Our Joe, as they call the Democratic running-mate here, isn't exactly betting his political life on this election. He can lose alongside Al Gore next week and still keep the lease on his flat in Washington DC. They might call him Cunning Joe.

Our Joe, as they call the Democratic running-mate here, isn't exactly betting his political life on this election. He can lose alongside Al Gore next week and still keep the lease on his flat in Washington DC. They might call him Cunning Joe.

Or Selfish Joe, which is what a lot of folk have been thinking, on account of his running in not one race but two at the same time. He is Joe Lieberman for vice-president, of course. But he is also Joe Lieberman for US senator for Connecticut.

He could have played it differently. Until last Friday Mr Lieberman had the chance to pull out of the Senate race, which had been his main focus until Mr Gore knocked on his door early in August.

But he let the deadline pass, which means that residents of Connecticut are going to be asked to vote for him for two different jobs.

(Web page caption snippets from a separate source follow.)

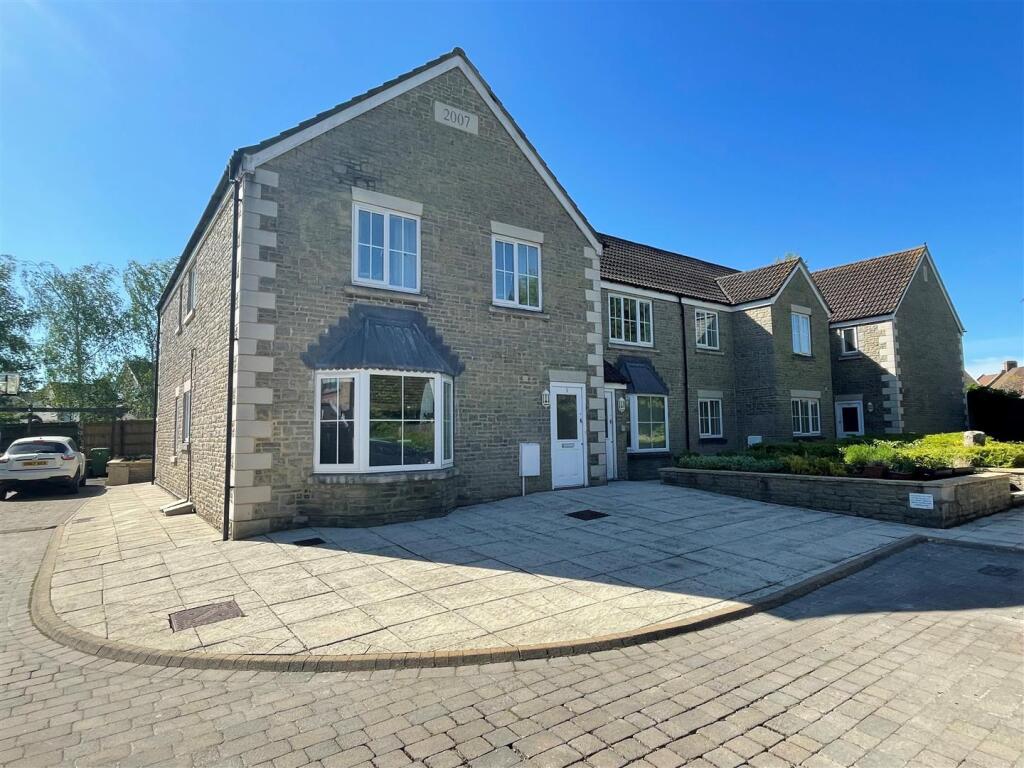 Main image of property: Hatters Close, Winterbourne, BRISTOL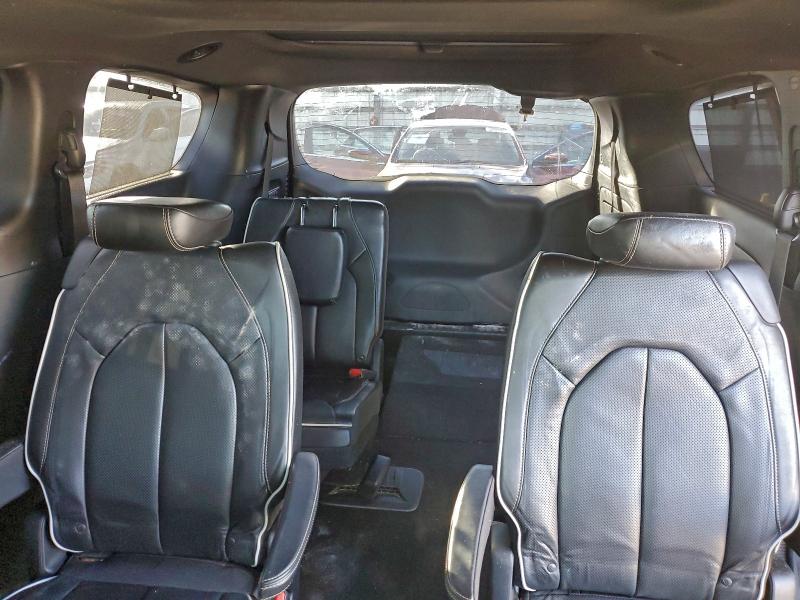 Photo 10 from auction – 2018 CHRYSLER PACIFICA L with VIN 2C4RC1GGXJR358317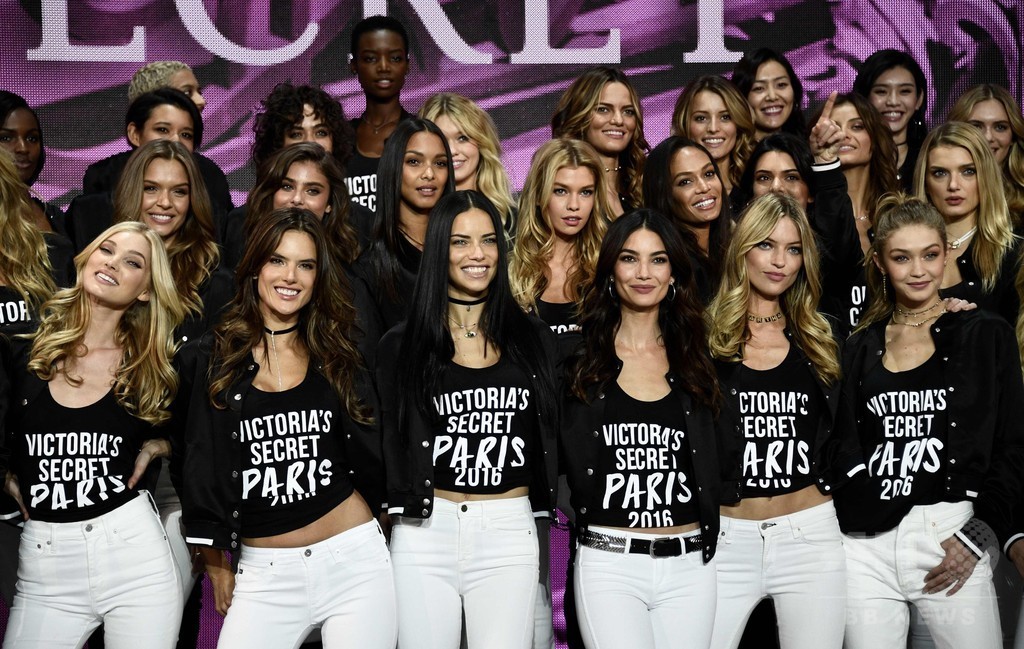 「ヴィクトリアズ・シークレット」ショー直前、パリにモデル集結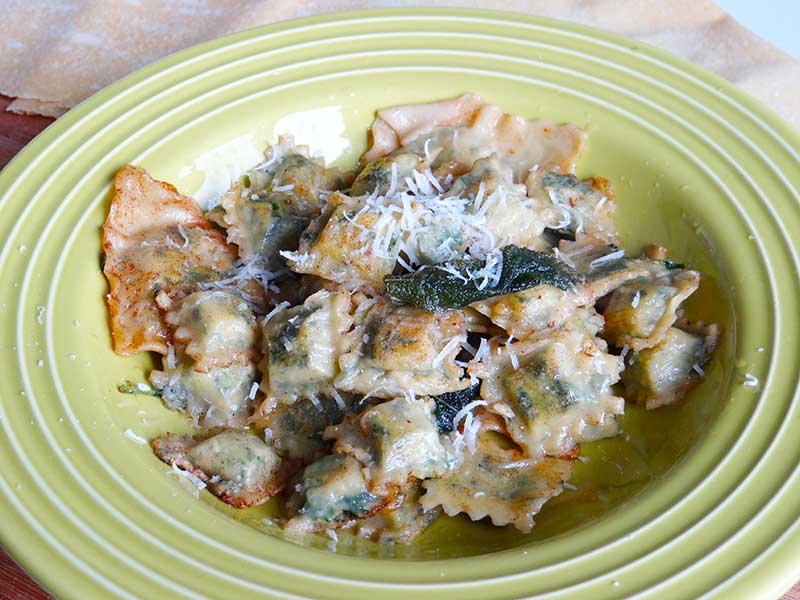 Ravioli cu spanac și ricotta(urdă)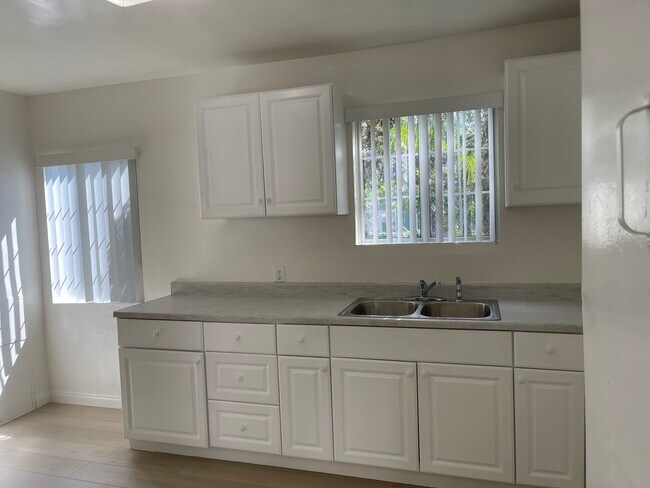 Photo - 5564 Kinston Ave Unidad 5564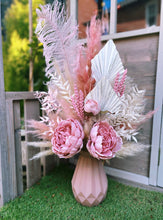 Load image into Gallery viewer, Pampas bouquet vase displays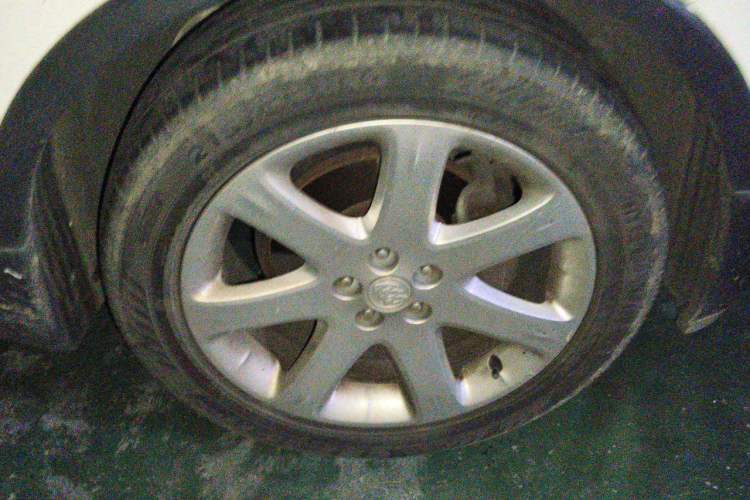 Used Buick Encore 2015 1.4T Automatic Two-Wheel Drive Urban Leading Model Right Front Wheel Hub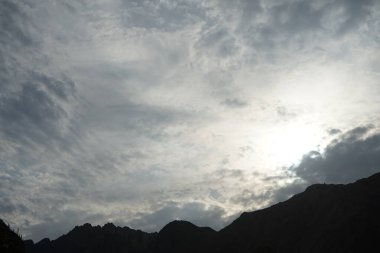 Malakot Dağı vahasındaki turist rotasındaki muhteşem dağ manzarasının üzerinde güneş. Dahab, Güney Sina Valiliği, Mısır 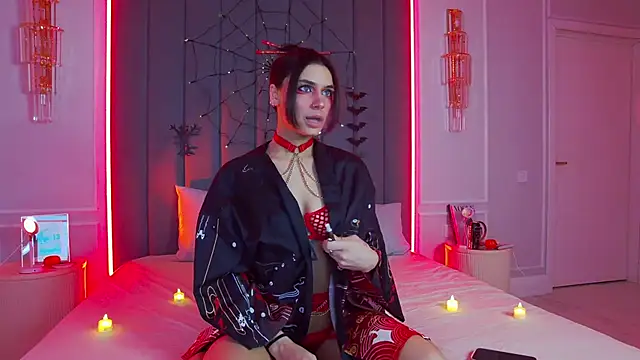 Snapshot of VioletAsh chatting on October 27, 4:57 am VioletAsh online show from October 27, 4:57 am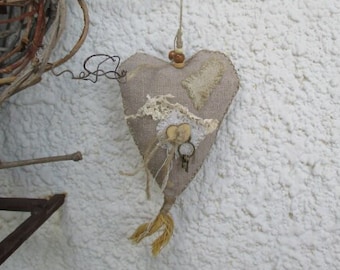 Coeur Saint-Valentin en lin primitif : décoration à suspendre en dentelle rustique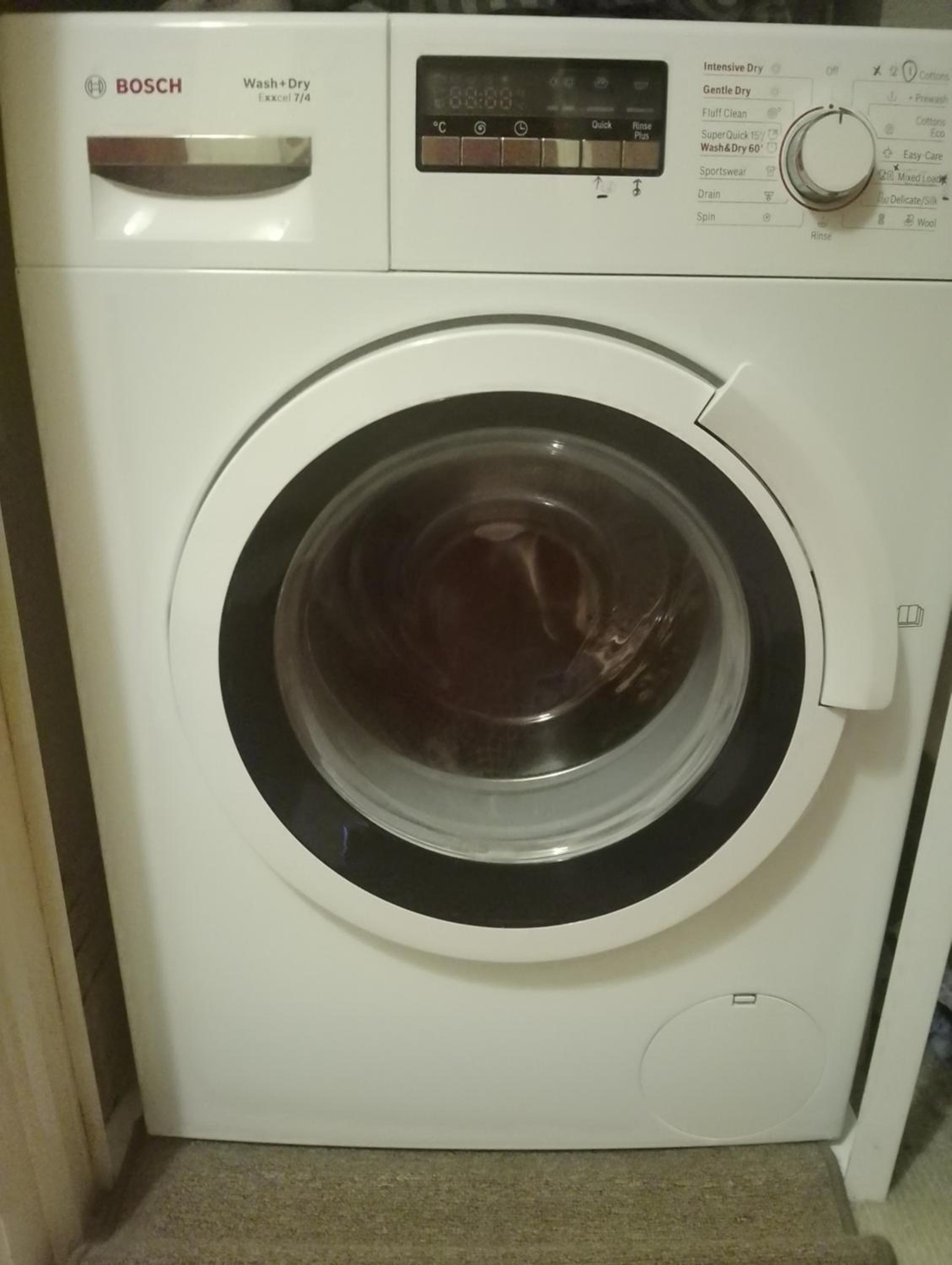 Beautiful apartment in Kew, Richmond London with Free Underground Parking Balcony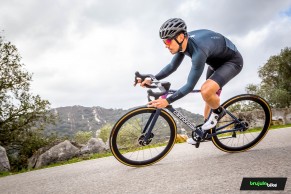 We test the Cannondale SuperSix Evo Hi-Mod 2021, the lightest and fastest road bike ever?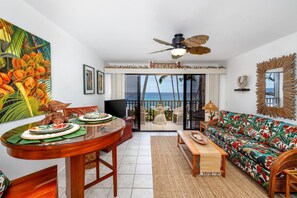 Condo, 1 King Bed (Kona Isle E23) | Dining - Kona Isle E23 (Kailua-Kona)
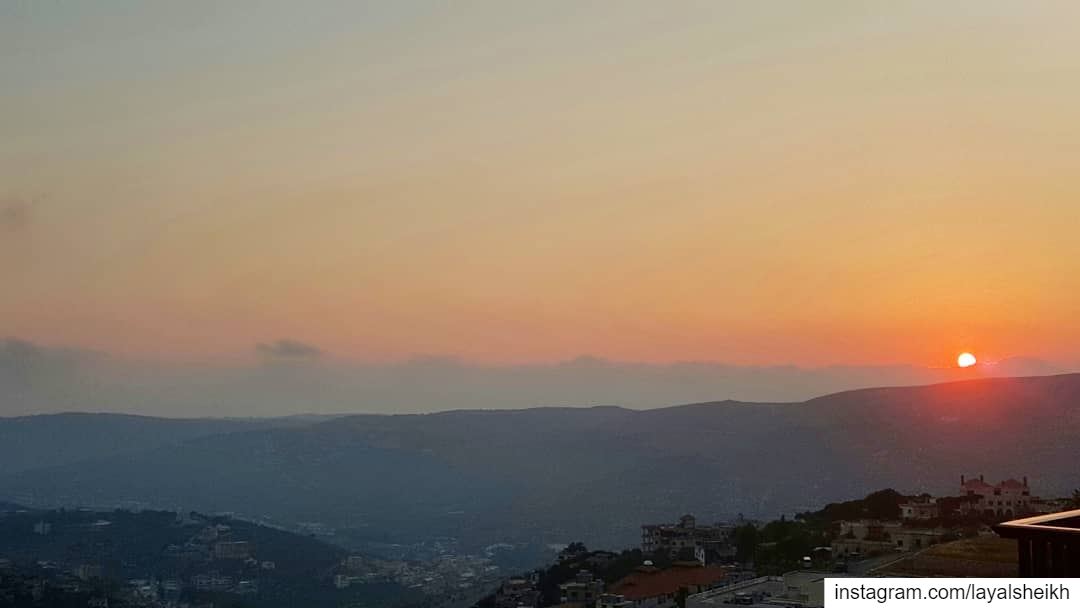  homeview  sunsets  sunsetlover  sunset_pics  hasbayapictures ... (Hasbayya, Al Janub, Lebanon)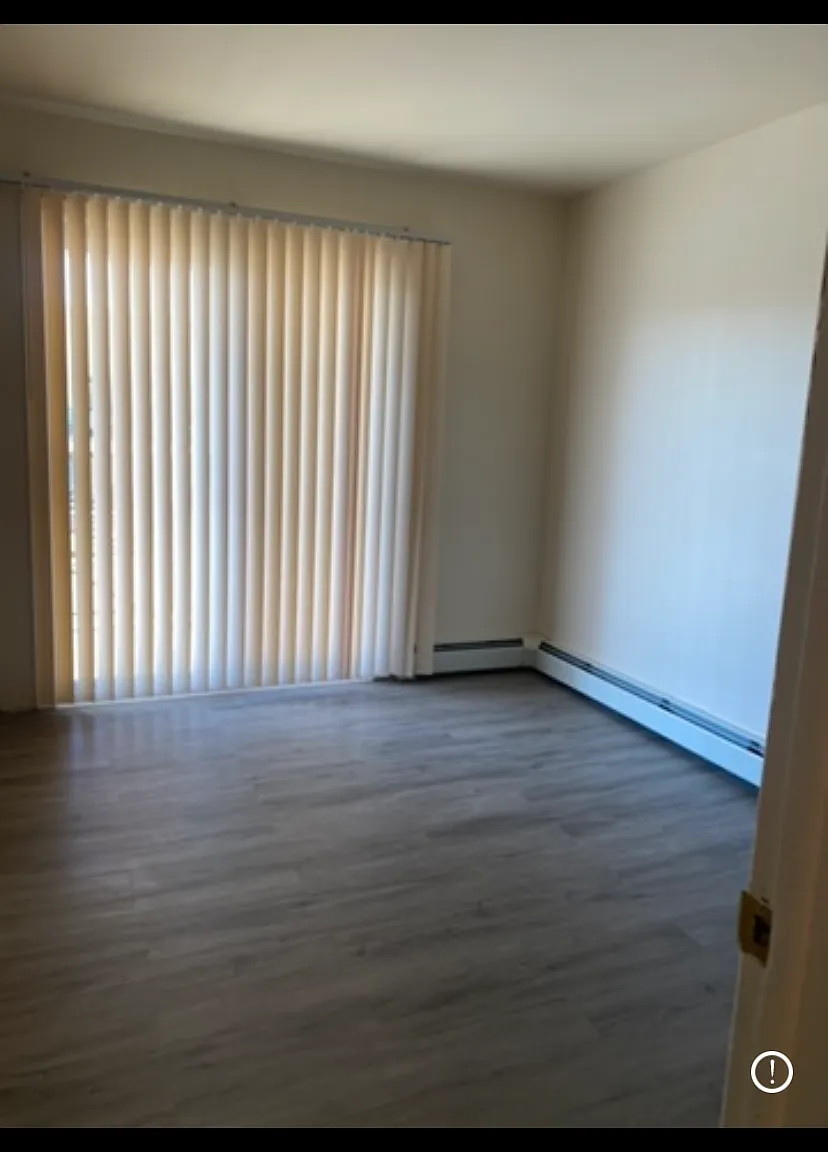 2 bed, 900 sqft, $1,700 — Photo 4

He is astonishingly popular in the state. For that reason, there is no chance he will not win the Senate contest, even though he has paid almost no attention to it for weeks. (Latest polls have him beating his Republican opponent by about four to one.) But he may now be testing that popularity.

At a Stamford diner yesterday, Nicholas Manos, an engineer, admitted he was disappointed. "It bothers me, because I feel he is using the Senate as a fallback. And to me that is a sign that he thinks he and Gore are going to lose."

But it is the Democratic party itself that has most cause to be aggrieved. If Mr Lieberman is elected vice-president next week, he will be unable to take the new Senate seat he will surely also win.

It will then be up to the Governor, John Rowland, to appoint a new senator until a special election in 2002. Mr Rowland, however, is a Republican.

Thus, at the very time the Democrats are straining desperately to win back enough seats in the Senate to overturn Republican control - they will need a net gain of six - Mr Lieberman has put his own seat in immediate peril.

"Such selfishness is unworthy of a senator who has cultivated an image of putting the public good well ahead of personal gain," a commentary in the Hartford Courant blustered this week. "Mr Lieberman is mistaken if he believes that most Connecticut voters will forgive him for taking them for granted."

Such was the outrage of John Orman, a political science professor at Fairfied University, that he tried to sue the senator to stop him running two races at once.

But the senator believes he had a responsibility to stay in the Senate race. "I really think it would be, in many ways, an act of bad faith if I pulled out," he said recently.